Building encryption circuitry for a known encryption application is easy. If the number of channels to be encrypted and authenticated, and data rate of each channel, are known, an appropriate number of lanes of encryption circuitry can be provided. There could be one lane per channel, or if the data rate is higher than the speed of the device, there could be a correspondingly higher number of lanes per channel.
However, if the encryption circuitry is being built for an unknown encryption application—whether as a fixed multi-purpose encryption circuit or as part of a programmable integrated circuit device such as a field-programmable gate array (FPGA) or other programmable logic device (PLD)—then the problem becomes more difficult. Whatever number of lanes may be provided may not easily map to the particular application that a user may attempt to implement.

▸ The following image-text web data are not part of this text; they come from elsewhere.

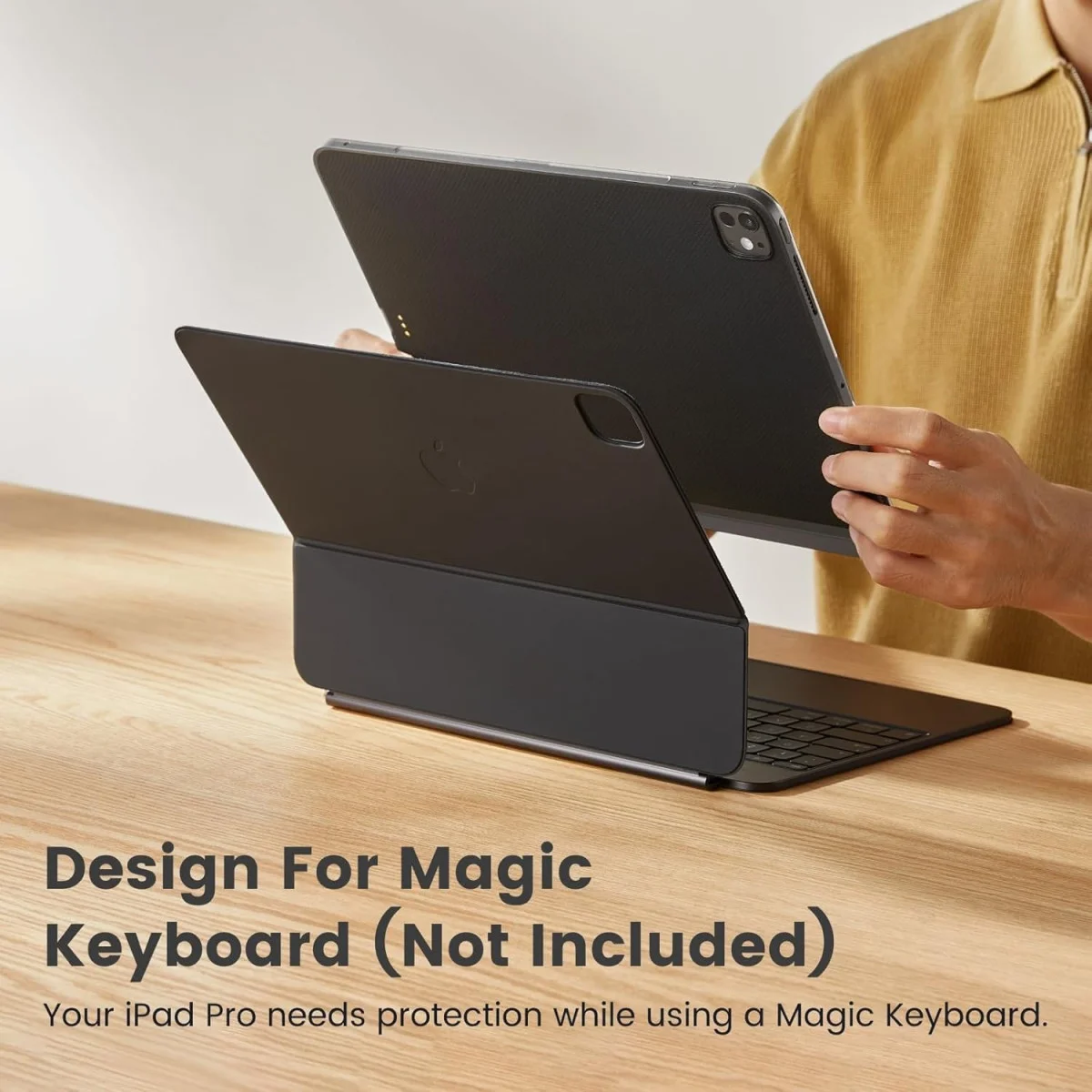 PITAKA MagEZ Apple iPad Pro 11 (2022/2021) Hoes Back Cover Zwart afbeelding 3
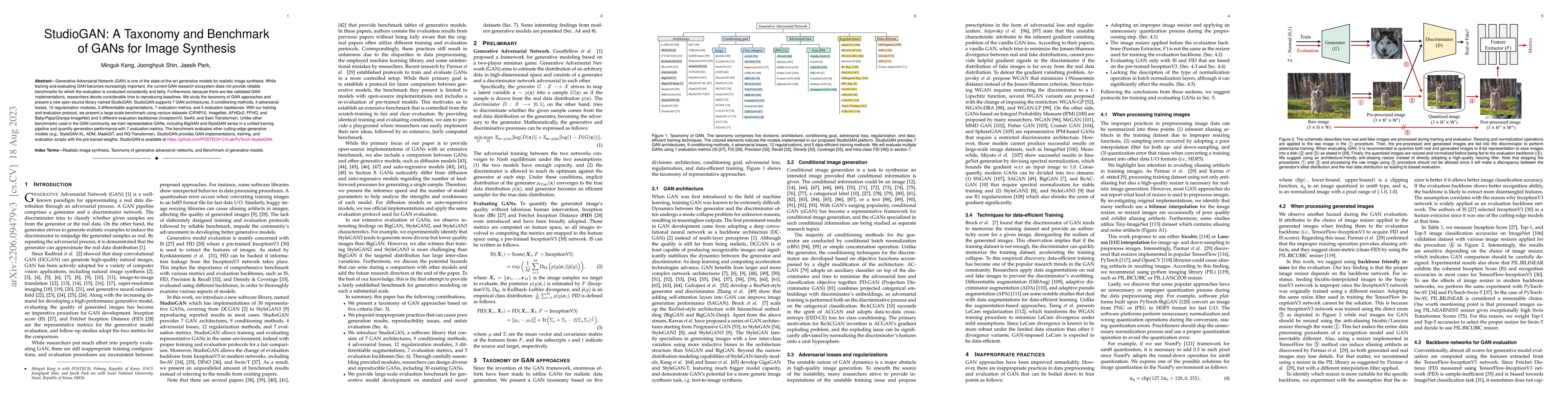 Thumbnail for StudioGAN: A Taxonomy and Benchmark of GANs for Image Synthesis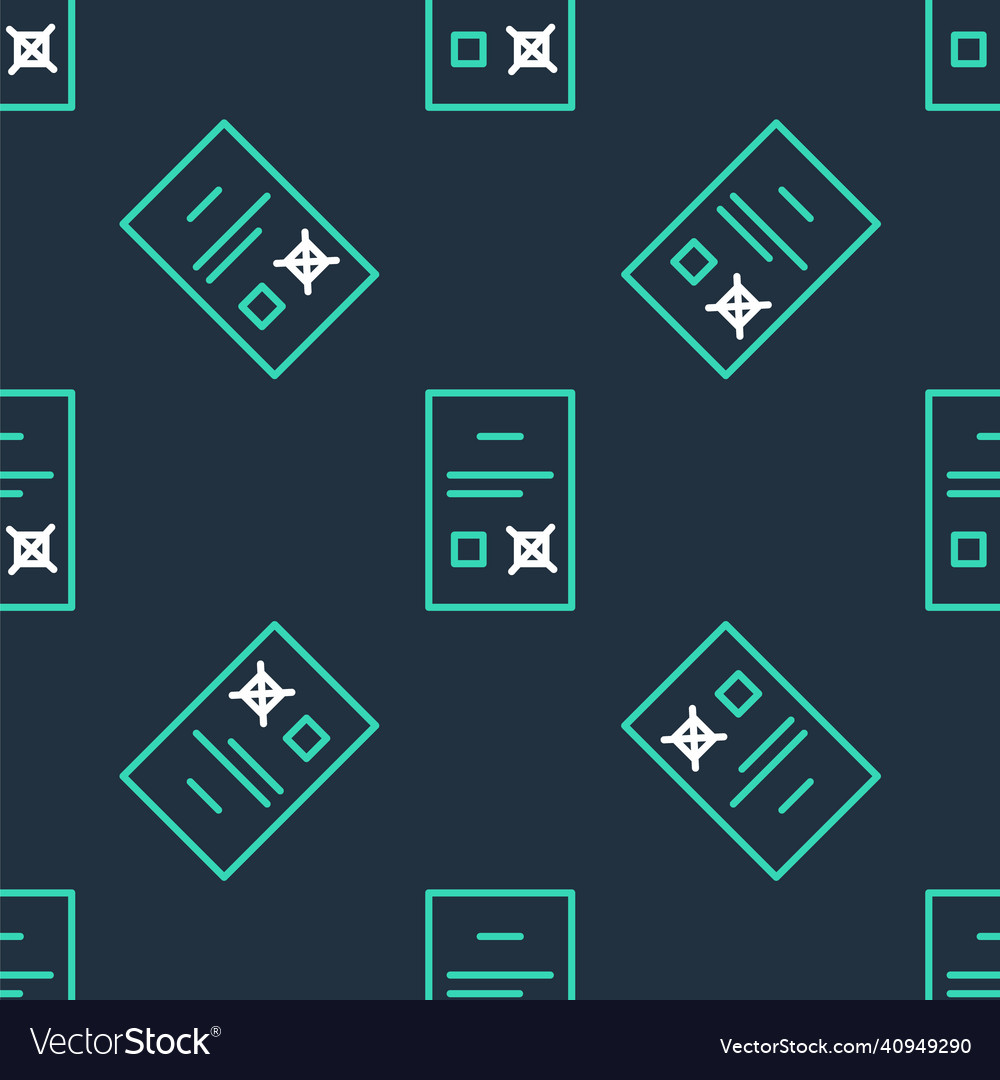 Line poll document icon isolated seamless pattern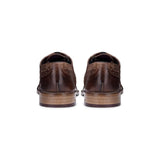 Mens Real Leather Vintage Shoes Brogues 1920s Suede Tweed Laced Shoes Smart Formal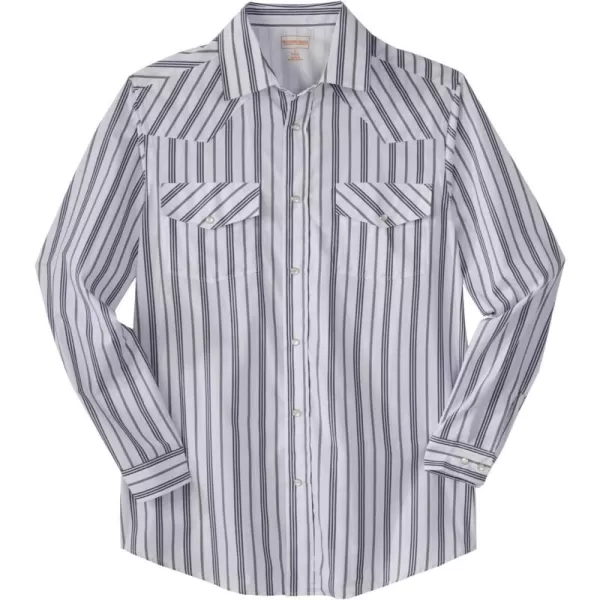 KingSize Boulder Creek Mens Big ampamp Tall Tall Western Snap Front ShirtWhite Stripe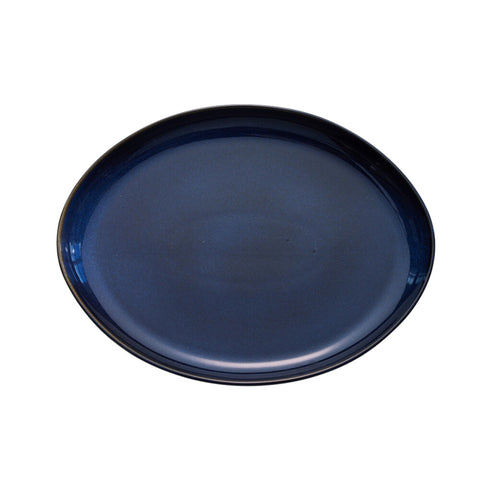 Amera plat 40x30 cm. bleu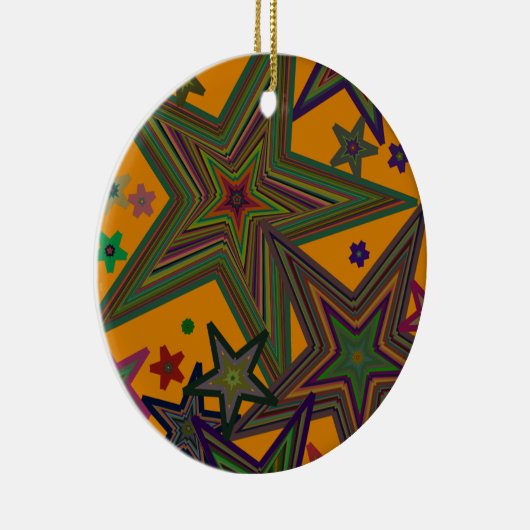 Stars van de Oranje Groene Partij Keramisch Ornament (Rechts)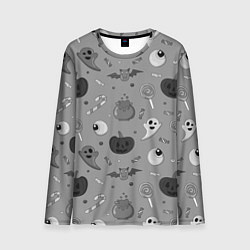 Лонгслив мужской Halloween grey, цвет: 3D-принт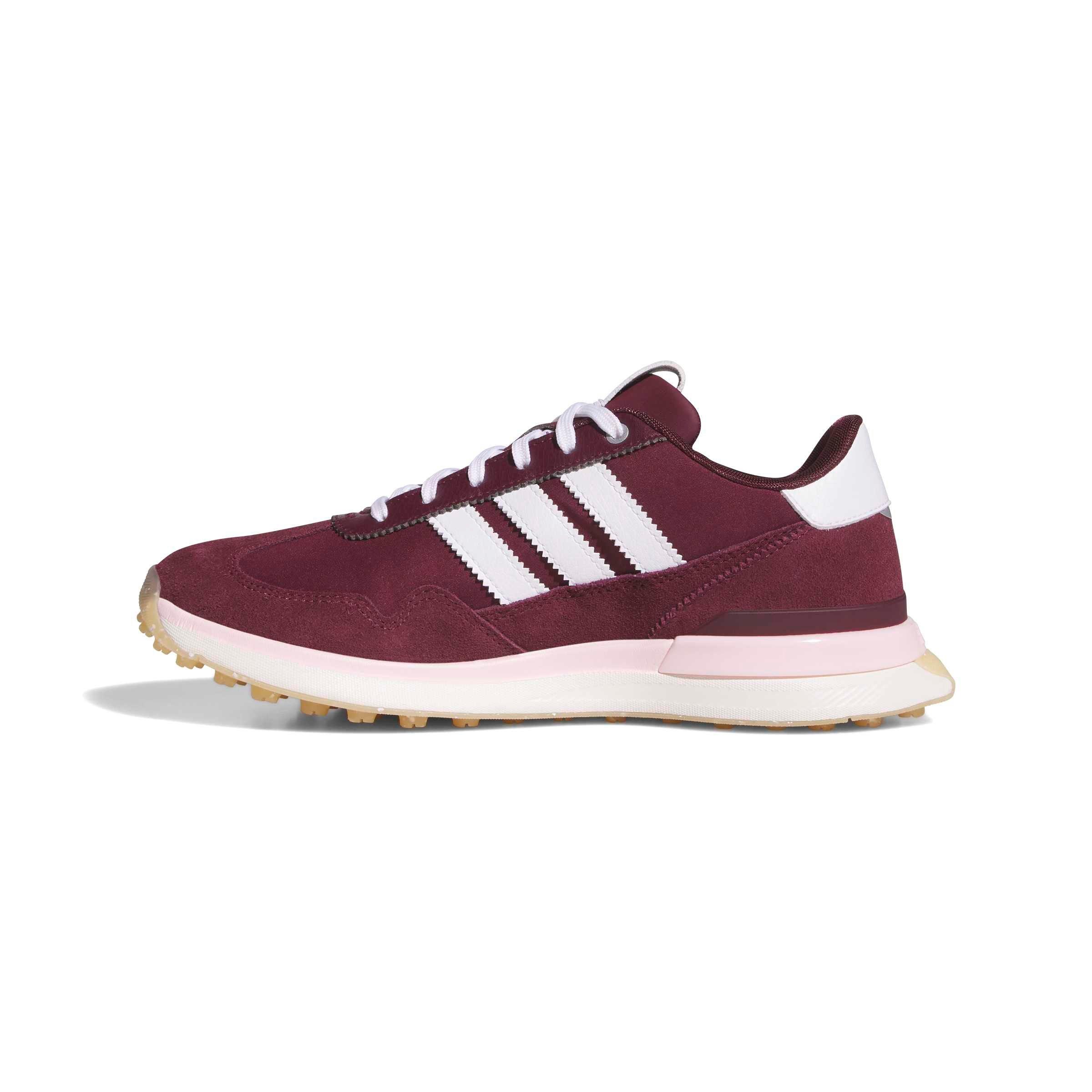 Women's S2G 26 Spikeless Golf Shoe - Maroon/White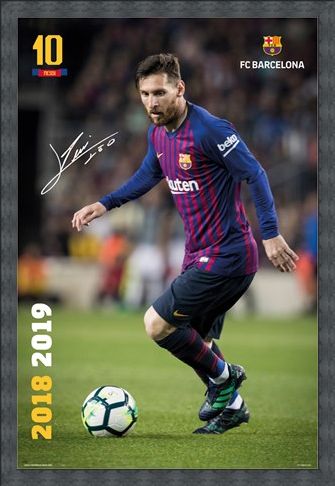 Framed Framed Messi 18-19 - Barcelona FC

In one application, a user may need fewer channels than there are lanes. If the data rate is lower than the device speed, that application is trivial; each channel could be encrypted in one lane. But once the number of channels exceeds the number of lanes, or if the data rate exceeds the device speed so that more than one lane is needed per channel, complications can arise.
For example, if there are three lanes and four channels, the four channels will have to be multiplexed onto the three lanes (e.g., by time-division multiplexing). That in itself is not difficult. However, the different channels may have different encryption keys, and even for a given channel the key may change over time. In such a case, for any time slice, the correct key for the correct channel will have to be delivered to the appropriate lane.
Similarly, it may be necessary to divide each channel among multiple lanes because the data rate exceeds the device speed. If so, the same problem of delivering the correct key to the correct lane at the correct time will arise. In addition, depending on the number of channels and the number of lanes, the actual encryption or authentication operations may not be able to complete within the number of clock cycles between appearances of a particular channel in a particular lane.